Captioned web image data.

***

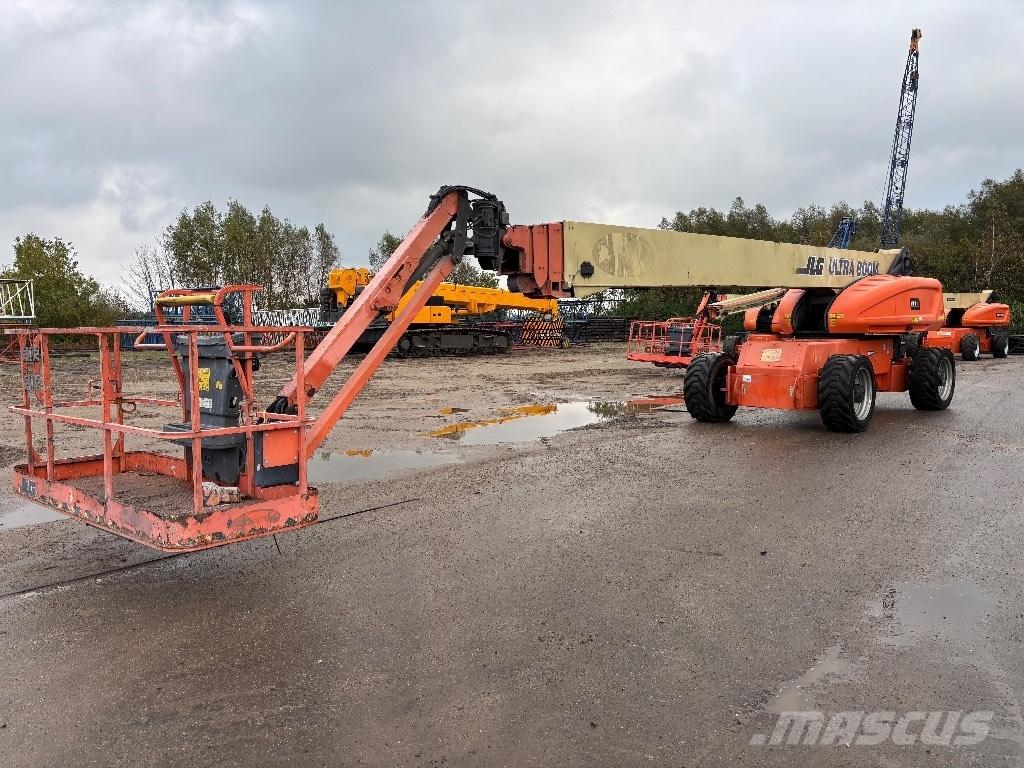 JLG 1350 SJP Teleskopické plošiny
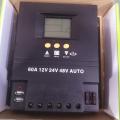 Smart Solar Charge Controller 60AMP Fully Automatic. 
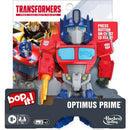 Bop It Optimus Prime Figure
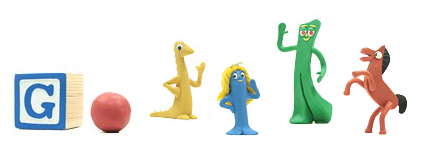 Su Google un doodle animato per Art Clokey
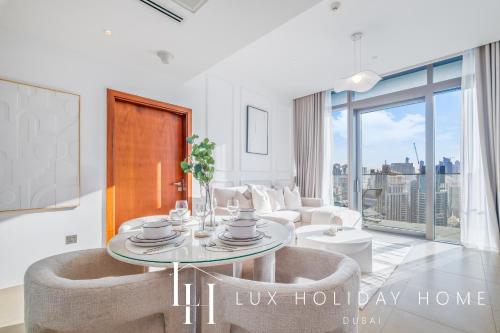 LUX The Marina Gate Sea View Suite 2, Dubai (photo 2)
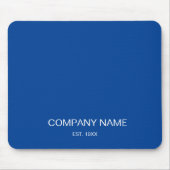 カスタムロゴ – 企業の Office Gift Promotion - マウスパッド (正面)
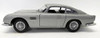 1/18 AUTOart Aston Martin DB5 James Bond Goldfinger 007 (Silver) Diecast Car Model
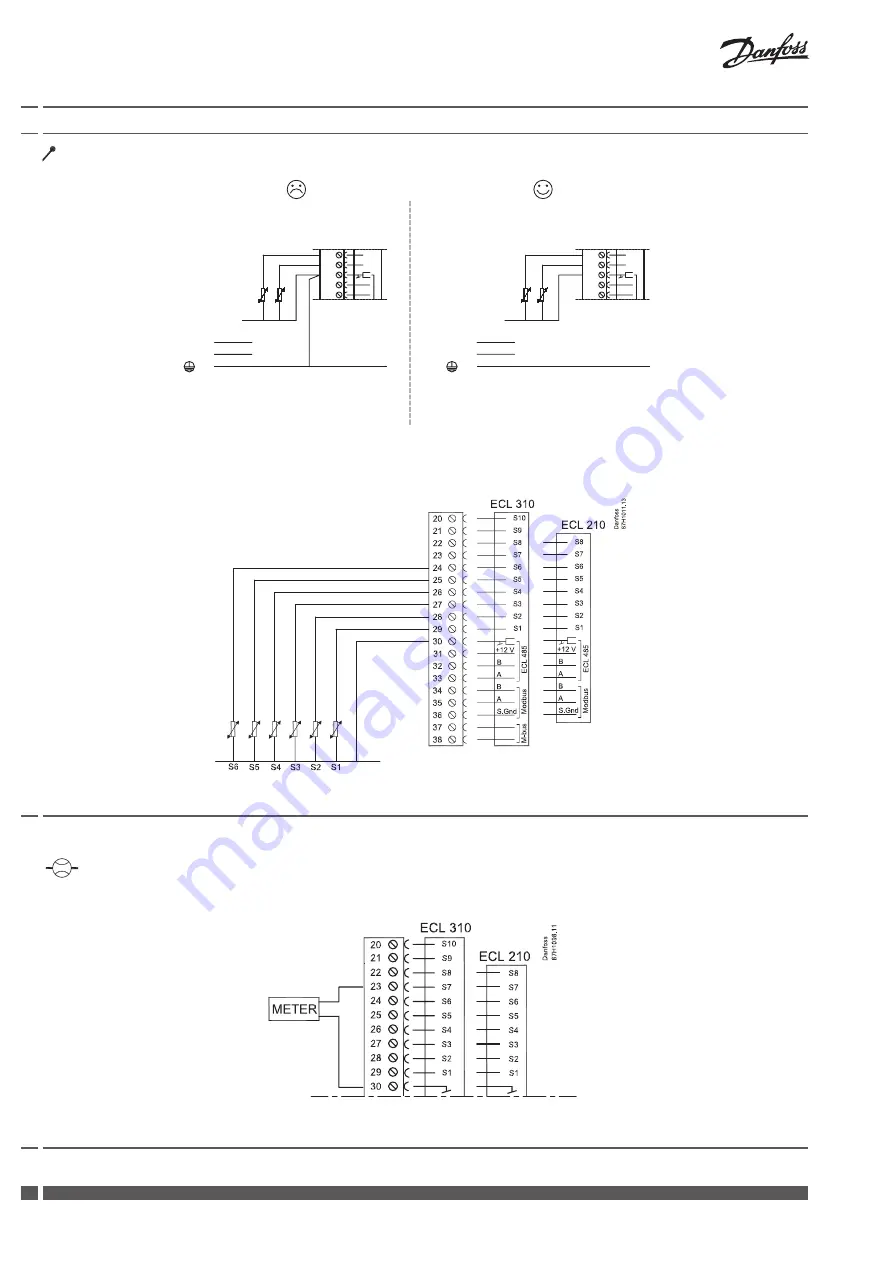 Danfoss A266 Series Скачать руководство пользователя страница 8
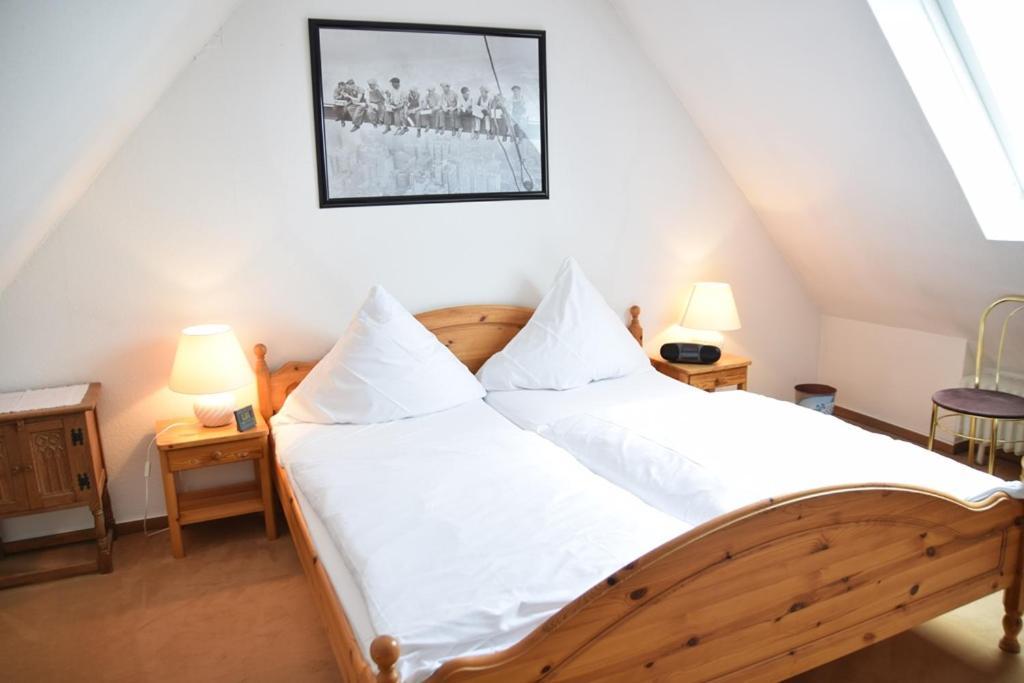 3-Zimmer Appartement In Wenningstedt In Ruhiger Lage Buitenkant foto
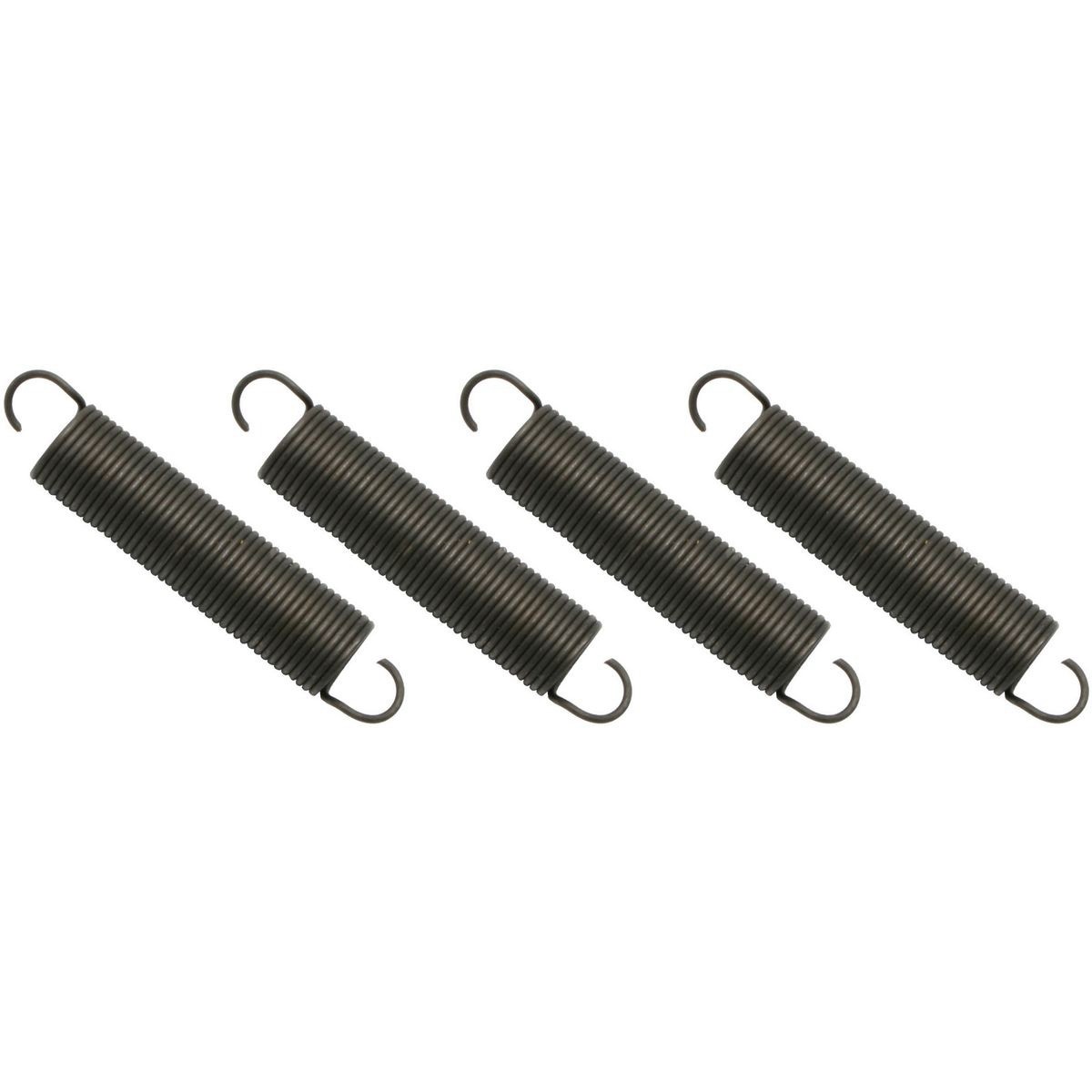Rare Spares - Accelerator Spring Universal Set Of 4 - CP1026 Auto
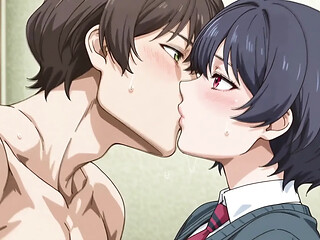 Natto and Rui - a hot exchange between neighbors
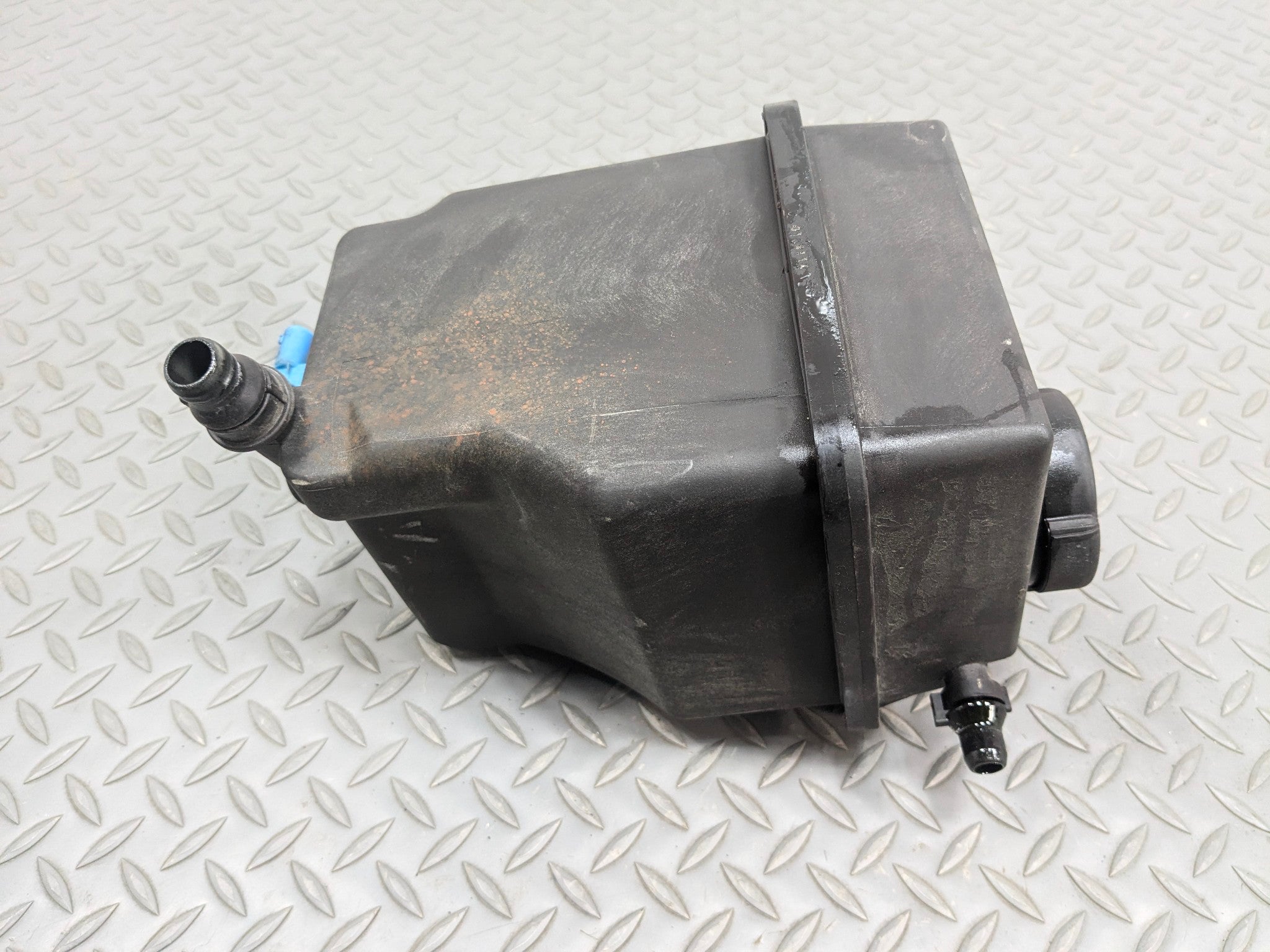 2003 - 2005 LAND ROVER RANGE ROVER OEM COOLANT RECOVERY BOTTLE RESERVOIR TANK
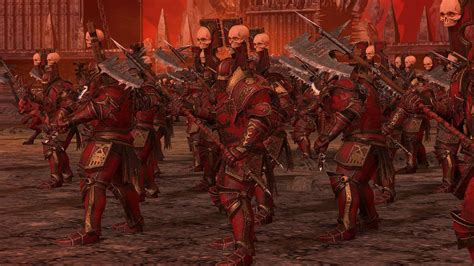 warhammer 3 40 unit armies|40 UNITS PER ARMY IN WH3 :: Total War: WARHAMMER III .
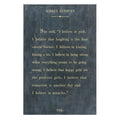 Audrey Hepburn - Book Collection - Art Print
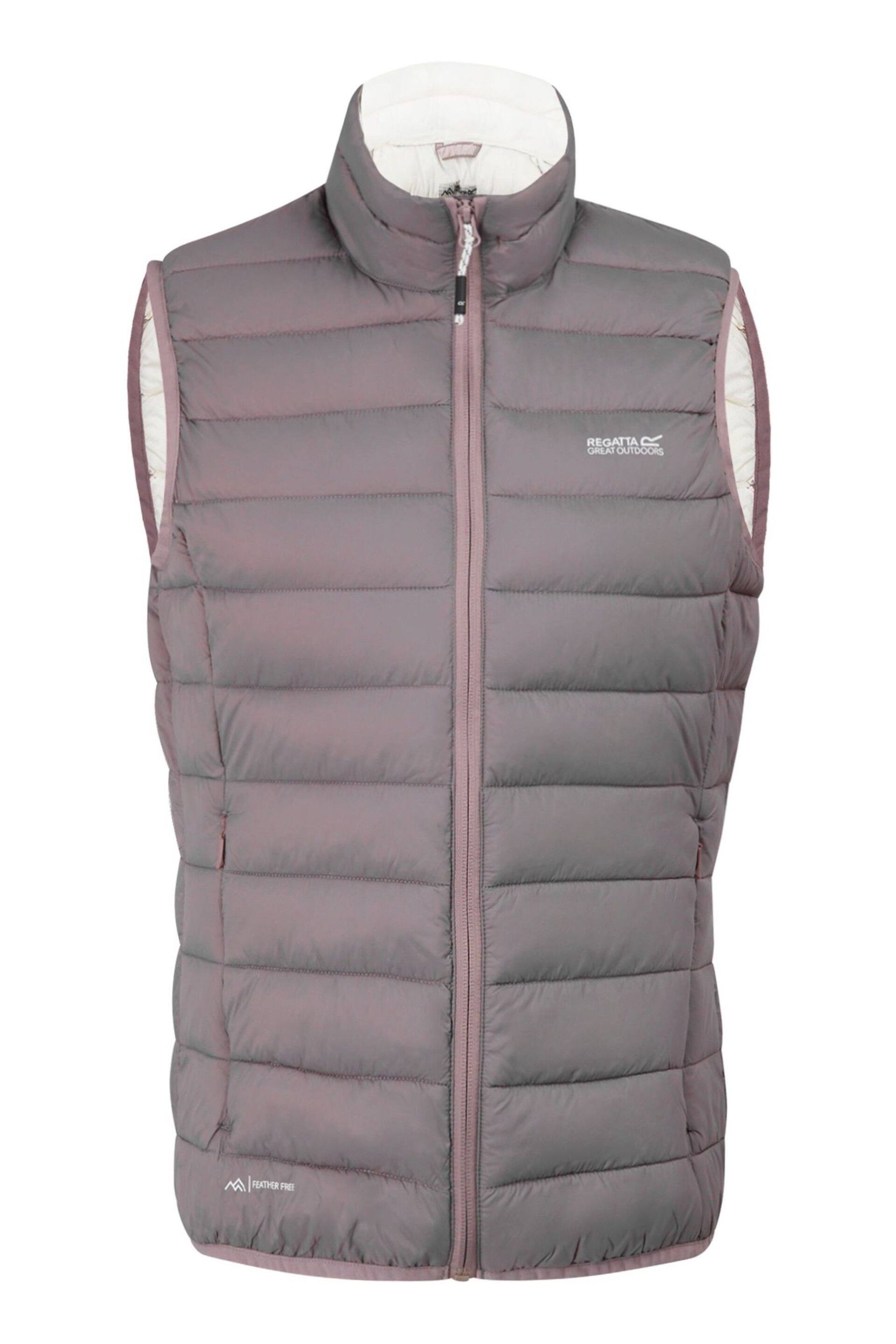 Regatta Purple Marizion Insulated Gilet - Image 5 of 7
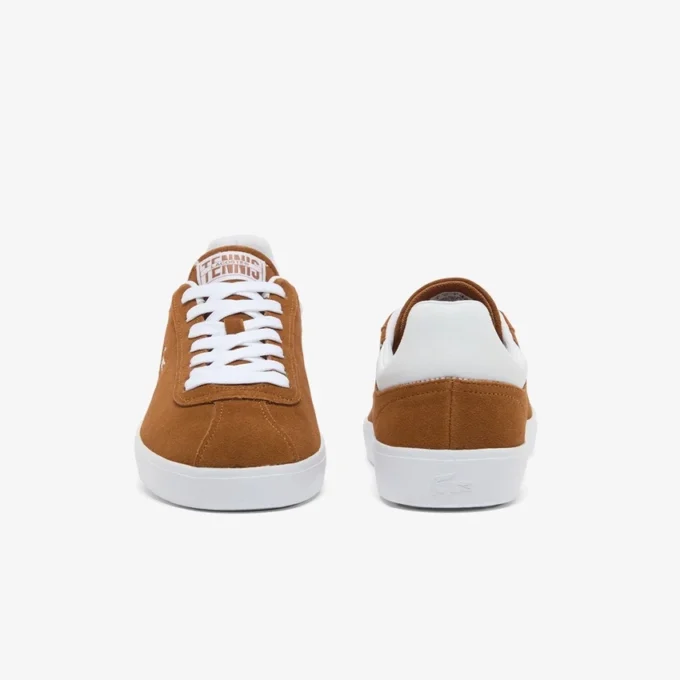 Baseshot-Sneaker aus Wildleder für Herren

***

Print out every entry above without changing a word, and leave out the pictures.

 JLG 1350 SJP Teleskopické plošiny
 Smart Solar Charge Controller 60AMP Fully Automatic. 
 Bop It Optimus Prime Figure
 Su Google un doodle animato per Art Clokey
 LUX The Marina Gate Sea View Suite 2, Dubai (photo 2)
 カスタムロゴ – 企業の Office Gift Promotion - マウスパッド (正面)
 1/18 AUTOart Aston Martin DB5 James Bond Goldfinger 007 (Silver) Diecast Car Model
 Danfoss A266 Series Скачать руководство пользователя страница 8
 3-Zimmer Appartement In Wenningstedt In Ruhiger Lage Buitenkant foto
Rare Spares - Accelerator Spring Universal Set Of 4 - CP1026 Auto
 Natto and Rui - a hot exchange between neighbors
 2003 - 2005 LAND ROVER RANGE ROVER OEM COOLANT RECOVERY BOTTLE RESERVOIR TANK
 warhammer 3 40 unit armies|40 UNITS PER ARMY IN WH3 :: Total War: WARHAMMER III .
 Audrey Hepburn - Book Collection - Art Print
 Regatta Purple Marizion Insulated Gilet - Image 5 of 7
 Baseshot-Sneaker aus Wildleder für Herren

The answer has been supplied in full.